▸ RECORDS SUPPLIED
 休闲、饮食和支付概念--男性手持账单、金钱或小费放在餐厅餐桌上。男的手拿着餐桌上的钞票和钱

--

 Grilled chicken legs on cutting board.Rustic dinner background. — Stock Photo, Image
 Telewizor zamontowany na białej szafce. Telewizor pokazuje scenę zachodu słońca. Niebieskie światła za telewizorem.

▸ EXERCISE GOAL
Scan the records above for the lines holding "Grilled chicken legs" and "Telewizor zamontowany na". Transcribe those two and every line between them word for word, and no others.

▸ WRITTEN RESPONSE
 Grilled chicken legs on cutting board.Rustic dinner background. — Stock Photo, Image
 Telewizor zamontowany na białej szafce. Telewizor pokazuje scenę zachodu słońca. Niebieskie światła za telewizorem.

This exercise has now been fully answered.